“Out of Body” experience for JetBlue passengers

JetBlue landing

This is the “trouble” with news at the speed of NOW. Yesterday, just above Los Angeles, JetBlue flight 292 circled Southern California for three hours with its front wheels turned sideways, unable to be retracted into the plane. Satellite TV sets aboard the plane were tuned to news broadcasts as 140 passengers watched their own life-and-death drama unfolding on live television. Some passengers cried while others tried to telephone relatives. One woman sent a text message to her mother in Florida attempting to comfort her in the event she died. You can watch the actual news footage here.
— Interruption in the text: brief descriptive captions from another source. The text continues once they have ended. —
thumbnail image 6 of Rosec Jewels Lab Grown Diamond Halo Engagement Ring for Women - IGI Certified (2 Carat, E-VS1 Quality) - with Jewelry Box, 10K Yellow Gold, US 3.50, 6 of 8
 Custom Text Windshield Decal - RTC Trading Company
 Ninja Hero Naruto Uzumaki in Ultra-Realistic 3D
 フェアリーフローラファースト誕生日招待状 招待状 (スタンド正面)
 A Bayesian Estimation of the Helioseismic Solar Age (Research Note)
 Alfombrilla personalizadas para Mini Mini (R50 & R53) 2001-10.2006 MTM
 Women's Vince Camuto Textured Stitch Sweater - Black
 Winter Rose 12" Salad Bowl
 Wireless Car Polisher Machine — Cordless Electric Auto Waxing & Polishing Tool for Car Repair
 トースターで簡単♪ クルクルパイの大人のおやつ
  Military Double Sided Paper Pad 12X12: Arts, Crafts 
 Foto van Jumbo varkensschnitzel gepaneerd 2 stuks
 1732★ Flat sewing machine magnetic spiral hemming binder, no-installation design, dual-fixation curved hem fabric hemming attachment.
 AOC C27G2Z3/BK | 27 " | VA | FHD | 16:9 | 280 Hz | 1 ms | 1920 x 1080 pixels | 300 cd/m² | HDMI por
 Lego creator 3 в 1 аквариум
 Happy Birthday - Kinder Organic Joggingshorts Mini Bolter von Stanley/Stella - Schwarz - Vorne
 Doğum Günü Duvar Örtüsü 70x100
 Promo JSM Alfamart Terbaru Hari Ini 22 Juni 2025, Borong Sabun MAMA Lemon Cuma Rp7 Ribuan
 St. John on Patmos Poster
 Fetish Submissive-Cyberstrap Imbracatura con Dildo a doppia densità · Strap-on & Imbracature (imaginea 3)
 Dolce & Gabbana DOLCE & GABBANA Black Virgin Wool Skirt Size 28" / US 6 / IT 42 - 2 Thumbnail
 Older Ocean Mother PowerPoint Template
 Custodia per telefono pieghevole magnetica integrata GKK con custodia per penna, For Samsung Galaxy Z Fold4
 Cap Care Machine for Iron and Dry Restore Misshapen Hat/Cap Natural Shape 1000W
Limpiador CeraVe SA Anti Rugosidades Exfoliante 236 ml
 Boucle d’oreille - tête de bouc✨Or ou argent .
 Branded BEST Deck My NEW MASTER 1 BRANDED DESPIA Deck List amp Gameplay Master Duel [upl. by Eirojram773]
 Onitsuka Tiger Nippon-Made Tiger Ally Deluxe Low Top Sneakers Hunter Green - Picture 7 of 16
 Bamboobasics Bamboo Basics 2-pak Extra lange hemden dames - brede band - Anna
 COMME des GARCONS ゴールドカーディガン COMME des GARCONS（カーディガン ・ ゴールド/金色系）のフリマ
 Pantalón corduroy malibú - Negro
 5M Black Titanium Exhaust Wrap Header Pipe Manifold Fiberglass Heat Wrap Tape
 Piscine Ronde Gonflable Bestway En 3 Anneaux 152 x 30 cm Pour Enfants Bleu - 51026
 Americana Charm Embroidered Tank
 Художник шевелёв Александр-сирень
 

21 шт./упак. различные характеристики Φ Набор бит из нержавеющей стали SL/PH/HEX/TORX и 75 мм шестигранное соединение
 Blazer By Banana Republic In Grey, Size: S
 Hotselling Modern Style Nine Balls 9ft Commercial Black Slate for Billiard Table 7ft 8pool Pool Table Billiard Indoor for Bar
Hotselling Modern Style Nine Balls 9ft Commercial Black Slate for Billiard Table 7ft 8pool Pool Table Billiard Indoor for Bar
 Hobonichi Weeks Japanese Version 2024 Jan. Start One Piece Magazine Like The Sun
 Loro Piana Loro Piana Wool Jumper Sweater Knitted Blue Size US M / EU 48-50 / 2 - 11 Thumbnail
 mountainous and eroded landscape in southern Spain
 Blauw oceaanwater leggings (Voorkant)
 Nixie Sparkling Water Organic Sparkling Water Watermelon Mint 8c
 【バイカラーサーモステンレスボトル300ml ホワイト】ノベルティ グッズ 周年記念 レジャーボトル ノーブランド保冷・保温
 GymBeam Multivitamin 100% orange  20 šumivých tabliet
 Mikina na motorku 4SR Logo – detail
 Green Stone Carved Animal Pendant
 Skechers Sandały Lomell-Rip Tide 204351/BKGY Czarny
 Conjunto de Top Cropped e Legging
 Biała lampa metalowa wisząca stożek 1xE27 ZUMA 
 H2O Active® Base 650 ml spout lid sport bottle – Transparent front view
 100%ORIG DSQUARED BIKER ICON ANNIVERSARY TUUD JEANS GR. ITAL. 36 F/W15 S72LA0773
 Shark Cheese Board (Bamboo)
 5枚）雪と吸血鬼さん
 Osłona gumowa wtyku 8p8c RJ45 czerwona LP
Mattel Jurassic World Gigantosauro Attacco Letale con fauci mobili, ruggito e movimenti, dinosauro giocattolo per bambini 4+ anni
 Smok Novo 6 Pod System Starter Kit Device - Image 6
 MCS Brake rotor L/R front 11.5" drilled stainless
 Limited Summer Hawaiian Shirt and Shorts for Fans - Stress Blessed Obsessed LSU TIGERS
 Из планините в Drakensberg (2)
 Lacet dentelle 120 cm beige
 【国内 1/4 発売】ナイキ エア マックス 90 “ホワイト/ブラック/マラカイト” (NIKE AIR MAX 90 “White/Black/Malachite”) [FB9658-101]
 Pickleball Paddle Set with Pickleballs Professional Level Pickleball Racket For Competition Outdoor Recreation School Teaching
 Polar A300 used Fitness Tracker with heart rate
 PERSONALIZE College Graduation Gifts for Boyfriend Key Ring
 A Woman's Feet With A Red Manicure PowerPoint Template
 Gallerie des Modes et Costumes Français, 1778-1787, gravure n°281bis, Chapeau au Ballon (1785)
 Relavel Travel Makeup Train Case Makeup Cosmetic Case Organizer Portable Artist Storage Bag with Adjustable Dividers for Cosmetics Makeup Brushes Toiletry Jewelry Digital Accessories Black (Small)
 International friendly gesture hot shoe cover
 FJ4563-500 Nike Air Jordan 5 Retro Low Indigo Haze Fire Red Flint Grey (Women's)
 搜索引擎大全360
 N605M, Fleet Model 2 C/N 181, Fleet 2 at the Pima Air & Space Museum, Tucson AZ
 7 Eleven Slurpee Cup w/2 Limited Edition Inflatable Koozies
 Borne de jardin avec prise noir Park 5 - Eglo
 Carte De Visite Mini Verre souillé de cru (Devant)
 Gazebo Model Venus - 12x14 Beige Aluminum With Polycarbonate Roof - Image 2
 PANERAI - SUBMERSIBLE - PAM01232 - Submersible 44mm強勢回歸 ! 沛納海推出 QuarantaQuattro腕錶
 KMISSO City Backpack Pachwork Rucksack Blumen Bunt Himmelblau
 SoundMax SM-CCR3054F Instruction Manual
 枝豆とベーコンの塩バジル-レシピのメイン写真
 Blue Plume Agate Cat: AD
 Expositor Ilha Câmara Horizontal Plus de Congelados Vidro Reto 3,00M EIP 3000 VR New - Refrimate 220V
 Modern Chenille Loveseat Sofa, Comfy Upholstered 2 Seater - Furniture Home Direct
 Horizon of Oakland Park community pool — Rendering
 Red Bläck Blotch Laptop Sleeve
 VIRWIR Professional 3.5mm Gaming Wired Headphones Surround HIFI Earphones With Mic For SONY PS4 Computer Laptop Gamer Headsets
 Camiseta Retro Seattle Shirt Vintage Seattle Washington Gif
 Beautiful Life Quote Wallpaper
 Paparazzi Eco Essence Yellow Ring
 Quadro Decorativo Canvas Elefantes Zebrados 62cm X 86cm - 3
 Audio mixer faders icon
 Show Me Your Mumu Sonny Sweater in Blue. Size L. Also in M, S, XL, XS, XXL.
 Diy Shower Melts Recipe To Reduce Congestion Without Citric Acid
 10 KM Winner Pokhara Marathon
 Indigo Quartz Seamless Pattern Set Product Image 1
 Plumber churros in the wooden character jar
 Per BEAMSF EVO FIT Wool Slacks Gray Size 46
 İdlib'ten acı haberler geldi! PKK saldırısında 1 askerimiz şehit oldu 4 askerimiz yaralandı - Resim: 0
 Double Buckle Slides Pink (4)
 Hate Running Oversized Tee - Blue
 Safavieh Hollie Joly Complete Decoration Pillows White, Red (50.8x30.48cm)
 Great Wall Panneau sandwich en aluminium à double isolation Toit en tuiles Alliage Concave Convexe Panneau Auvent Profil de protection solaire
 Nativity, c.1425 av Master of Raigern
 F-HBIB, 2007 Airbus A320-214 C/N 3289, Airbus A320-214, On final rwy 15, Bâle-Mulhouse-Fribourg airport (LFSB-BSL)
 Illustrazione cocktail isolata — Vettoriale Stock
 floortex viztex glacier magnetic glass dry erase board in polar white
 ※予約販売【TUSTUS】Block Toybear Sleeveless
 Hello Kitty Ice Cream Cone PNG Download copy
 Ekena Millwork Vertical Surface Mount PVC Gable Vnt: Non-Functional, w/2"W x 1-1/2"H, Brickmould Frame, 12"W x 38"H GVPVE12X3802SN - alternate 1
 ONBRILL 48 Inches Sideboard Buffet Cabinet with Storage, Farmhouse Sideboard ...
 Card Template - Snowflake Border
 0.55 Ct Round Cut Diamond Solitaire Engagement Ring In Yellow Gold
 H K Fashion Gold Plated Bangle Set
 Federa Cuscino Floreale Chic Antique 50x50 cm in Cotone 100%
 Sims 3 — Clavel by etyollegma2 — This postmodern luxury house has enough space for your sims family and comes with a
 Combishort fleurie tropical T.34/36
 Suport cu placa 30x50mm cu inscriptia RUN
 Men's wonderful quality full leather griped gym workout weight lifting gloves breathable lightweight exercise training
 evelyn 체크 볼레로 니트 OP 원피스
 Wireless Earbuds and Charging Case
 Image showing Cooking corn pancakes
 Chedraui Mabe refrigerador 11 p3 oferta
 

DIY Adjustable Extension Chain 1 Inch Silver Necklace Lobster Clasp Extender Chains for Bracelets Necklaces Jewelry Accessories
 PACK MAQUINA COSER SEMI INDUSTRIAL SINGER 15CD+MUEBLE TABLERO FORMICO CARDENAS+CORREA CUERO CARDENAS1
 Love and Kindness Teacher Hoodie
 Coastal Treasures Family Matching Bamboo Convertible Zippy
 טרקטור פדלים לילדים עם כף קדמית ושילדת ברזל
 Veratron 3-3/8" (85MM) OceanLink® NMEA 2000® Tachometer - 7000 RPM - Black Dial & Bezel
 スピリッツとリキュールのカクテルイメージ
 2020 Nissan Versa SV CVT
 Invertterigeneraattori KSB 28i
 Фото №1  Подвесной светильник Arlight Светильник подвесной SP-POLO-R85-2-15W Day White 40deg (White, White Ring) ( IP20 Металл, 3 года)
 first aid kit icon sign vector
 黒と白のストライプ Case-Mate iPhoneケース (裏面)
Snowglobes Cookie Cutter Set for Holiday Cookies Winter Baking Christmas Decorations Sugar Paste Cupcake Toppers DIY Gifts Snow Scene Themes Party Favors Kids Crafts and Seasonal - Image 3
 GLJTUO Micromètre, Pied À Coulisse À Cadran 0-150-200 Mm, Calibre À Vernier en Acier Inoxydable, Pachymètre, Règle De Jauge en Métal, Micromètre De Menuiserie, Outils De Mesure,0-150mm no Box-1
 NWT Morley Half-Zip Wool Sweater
I can’t imagine how surreal it is for the JetBlue passengers to watch their own troubled flight being televised on the news. In a Strange Days kind of way, if you were a passenger, you would be looking at yourself through the television camera’s merciless eye, wondering if you should experience calm or fear. Now when we watch TV, we see all kinds of crimes, diasaters and other bad stuff on screen everday, which builds some kind of indifference towards anything we see on screen. But when we see ourselves on TV, especially in a critical moment of life and death, what are we to feel? I’m saying that experiencing something and watching yourself experiencing it creates multiple feedback loops, which may cause hysteria, or create more calm as you may feel seperated from your real body since you would be looking at yourself from the outside.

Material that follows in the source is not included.